Departamento de Agricultura dos Estados Unidos (USDA) divulgou nesta quarta-feira (12) o relatório de oferta e demanda (Wasde) de agosto, o primeiro da temporada a incorporar projeções para a safra norte-americana 2026/27 baseadas em levantamentos de campo.

Os últimos três documentos já haviam trazido as primeiras estimativas para a nova safra, mas foram feitas apenas com base em cálculos que utilizaram o relatório de área plantada – divulgado em 30 de junho – e uma média da produtividade dos últimos anos.

Soja

O USDA projeta que os produtores norte-americanos irão colher 122,99 milhões de toneladas de soja na safra 2026/27, aumento anual de 6% ante as 115,99 milhões de toneladas produzidas em 2025/26 e o maior volume da série histórica.
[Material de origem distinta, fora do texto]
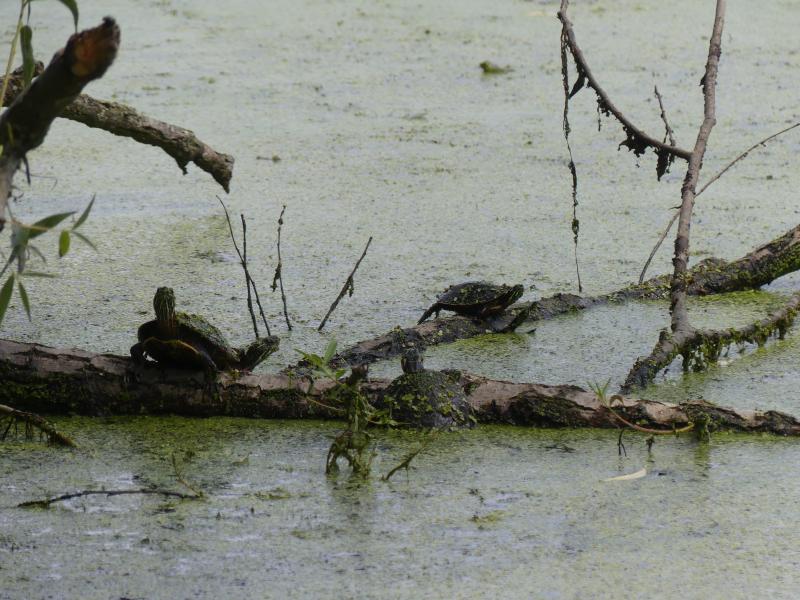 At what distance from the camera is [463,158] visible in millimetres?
3014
A projeção anterior era de 121,79 mi de t, que já superava a safra 2021/22 (121,50 milhões de toneladas), até então recorde.
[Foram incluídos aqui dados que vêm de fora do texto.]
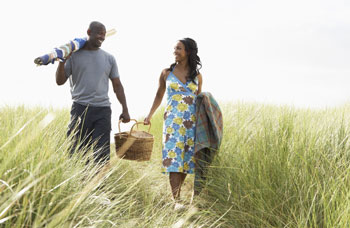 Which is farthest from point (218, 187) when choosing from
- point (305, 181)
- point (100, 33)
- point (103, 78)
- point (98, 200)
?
point (100, 33)

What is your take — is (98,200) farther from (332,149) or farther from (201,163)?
(332,149)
Os estoques dos EUA, por outro lado, devem cair de 8,85 milhões de toneladas ao final da safra 2025/26 (dado revisado de 8,98 mi de t) para 8,71 milhões de toneladas ao término de 2026/27, número que foi revisado de 8,44 mi de t do relatório de julho.

A nível global, a produção de soja deve subir de 429,46 milhões de toneladas na safra velha para 442,25 milhões de toneladas na nova. O relatório anterior trazia projeção de 441,70 milhões de toneladas para o ciclo 2026/27.

Os estoques globais de soja estão projetados em 124,21 milhões de toneladas ao final da temporada 2026/27 (aumento de 400 mil toneladas), ante 125,12 milhões de toneladas ao término de 2025/26 (dado revisado de 125,33 milhões de toneladas no relatório anterior).

Produção de soja Brasil e Argentina

No que se refere à safra 2025/26 de soja, o USDA elevou a projeção para a produção brasileira em 500 mil toneladas, para 180,5 milhões de toneladas, mas reduziu a da Argentina em 500 mil toneladas, para 49,5 milhões de toneladas.

Para 2026/27, o órgão segue estimando as produções dos dois países em 186 e 50 milhões de toneladas, respectivamente.

Milho

O USDA elevou marginalmente sua estimativa para a safra 2026/27 de milho dos EUA de 406,42 para 406,75 milhões de toneladas, o que configura uma queda de 6% ante o recorde de 432,34 milhões de toneladas colhidas no ciclo 2025/26 e o segundo maior volume da série histórica.

Os estoques de milho dos EUA devem cair de 49,40 milhões de toneladas ao final da safra 2025/26 para 41,98 milhões de toneladas ao término de 2026/27 (dados revisados de 51,31 e 45,46 mi de t, respectivamente).

A nível global, o USDA espera que a produção de milho recue de 1,330 bilhão de toneladas na safra velha para 1,299 bilhão de toneladas na nova. Os números foram revisados de 1,327 e 1,297 bilhão de toneladas, nesta ordem.

Os estoques globais de milho estão projetados em 274,66 milhões de toneladas ao final da temporada 2026/27 (dado revisado de 275,26 mi de t), ante 298,83 milhões de toneladas ao término de 2025/26 (dado revisado de 298,67 milhões de toneladas no relatório anterior).

Produção de milho Brasil e Argentina

O USDA elevou a estimativa da safra 2025/26 de milho do Brasil em 2 milhões de toneladas, para 140 milhões de toneladas e manteve a da Argentina em 63 milhões de toneladas. Para a temporada 2026/27, o departamento segue projetando a produção brasileira do cereal em 139 milhões de toneladas, e a da argentina, em 55 milhões de toneladas.